The Canadian family is growing - in variety that is.
The "traditional" family of father, mother and four kids is morphing into new configurations of single parents, common-law families, couples with no kids and same-sex married couples.
However, in its 2011 census report on families, Statistics Canada said married couples remain the predominant family structure.
The data shows married-couple families in Canada account for 67 per cent of all census families in 2011, down from 70.5 per cent in 2001.
Among the 33 census metropolitan areas, the highest proportion of married couples were in Abbotsford - Mission (75.7 per cent), followed by Vancouver (73.8 per cent) and Toronto (74 per cent).
Locally, this includes 20,055 couples with children, (or 49.8 per cent of all married couples), and 15,820 married pairs without children, (39.3 per cent of couples).
The remaining families included 1,945 common-law couples with children (4.8 per cent) and 2,425 without children (six per cent).
Overall, there were 6.2 per cent more couples in the Abbotsford-Mission CMA than in the last census, with the highest jump in the rate of common-law couples with children, with an increase of 14.7 per cent, close to the national rise in this category.
Across Canada, family combos that went up were common-law families, which increased from 13.8 per cent to 16.7 per cent, while single-parent families rose slightly from 15.7 to 16.3 per cent.
The other big news was that the number of same-sex married couples nearly tripled between 2006 and 2011, reflecting the first full five-year period for which same-sex marriage has been legal across the country. The census counted 64,575 same-sex couple families in 2011, up 42.4 per cent from 2006
Canada's largest cities, Vancouver, Toronto and Montreal, had the largest proportion of same-sex couples.
The 2011 census counted stepfamilies for the first time. They represented about one in eight couple-families with children - that figure was about 10 per cent in Abbotsford-Mission.

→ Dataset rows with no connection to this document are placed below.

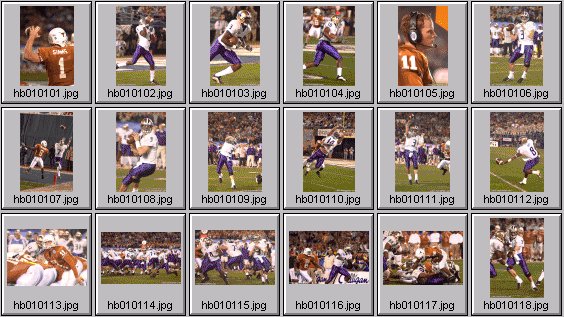 ncaa college football photos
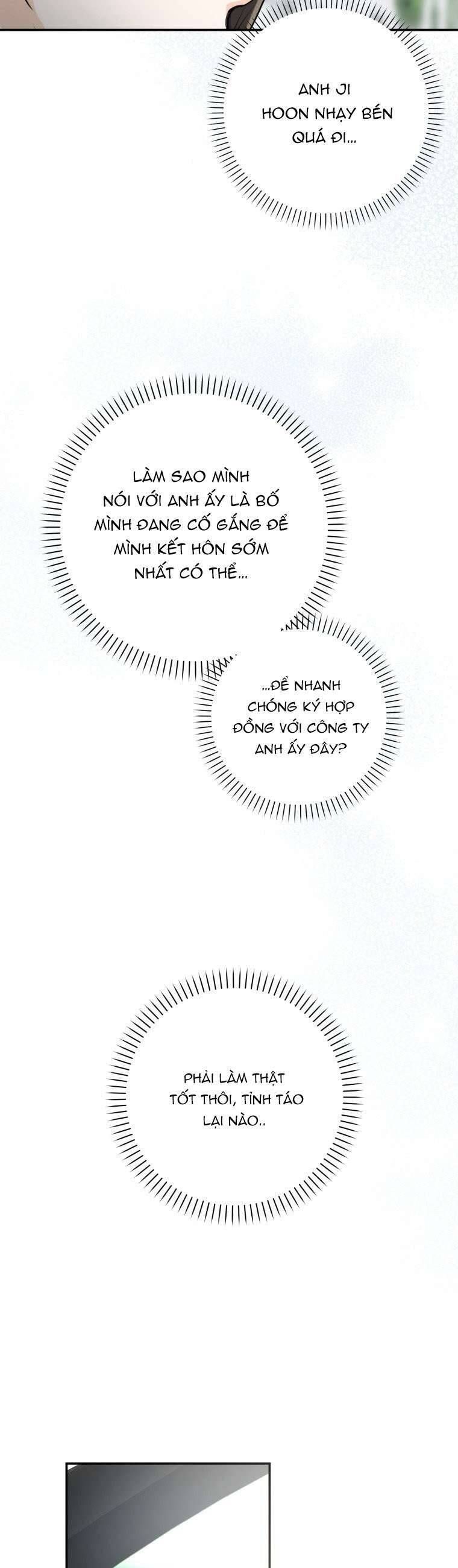 Chuyện Kết Hôn Chap 29 - Next Chap 30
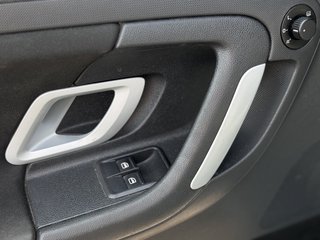 Skoda Fabia Combi Ambiente 1.6 / - bilder 14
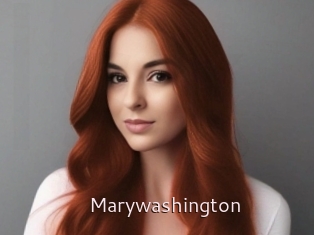 Marywashington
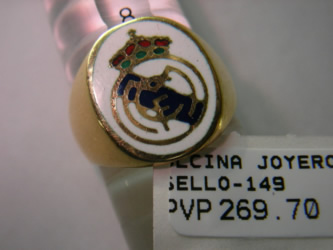 Sellos Personalizados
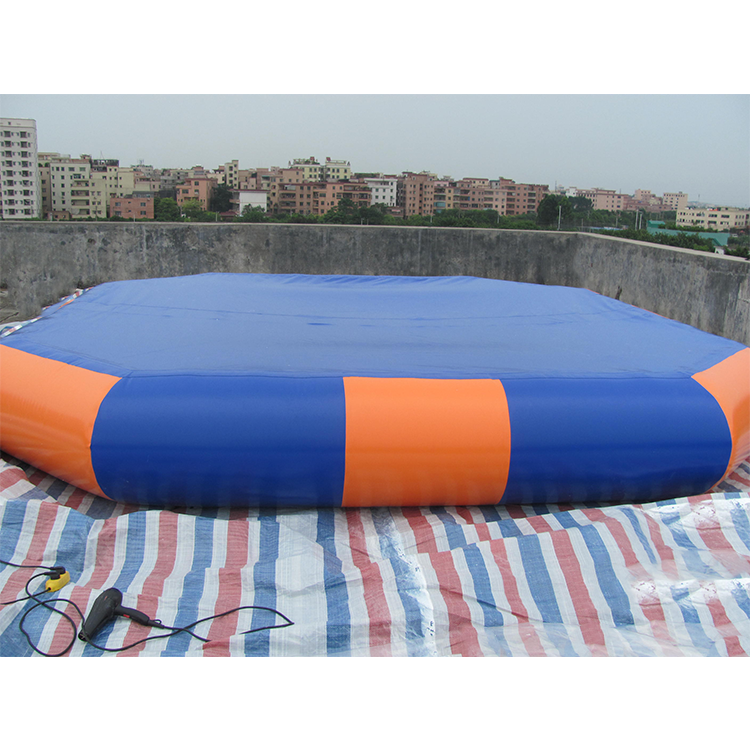 Inflatable Pool, Kids Pool, Family Pool, Outdoor Pool, Foldable Pool,size 3.3m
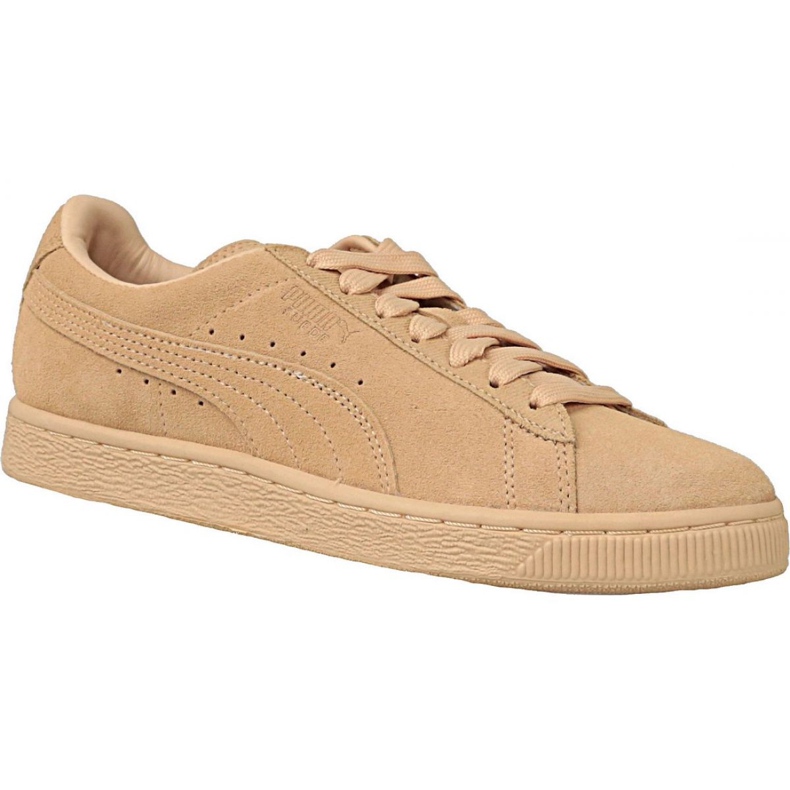 Puma Suede Classic Tonal W 362595 02 naranja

Nationally, the census counted 7,861,855 couples, with or without kids.
British Columbia recorded 1,048,350 couples, compared to 855,020 in our neighbouring province, Alberta.
Households of couples without children is at 29.5 per cent, and households with couples with children accounts for 26.5 per cent.
In its report, Statistics Canada also reviewed its numbers on Canadian families and living arrangements over five decades, which reveals greater family diversity before the baby boom era.
In 1961, the census recorded 4.1 million Canadian families, compared to 9.4 million families in 2011. The average family size five decades ago was 3.9 people; now it's 2.9.
In 1961, married couples accounted for 91.6 per cent of census families, a rate that fell to 67 per cent by 2011, mostly a result of the growth of common-law couples, said Stats Can.
In its historic overview, the census authors noted that the variety in family configurations was broader in the first half of the last century, before the 1960s.
"Widowhood and remarriage following the death of a spouse were more common in the early decades of the 1900s, when there was higher maternal mortality and higher mortality rates overall for infants, children and adults," the authors said.
The Census of Population also counted households. Across Canada, there were 13,320,615 private households, with 59,315 recorded in the Abbotsford-Mission CMA.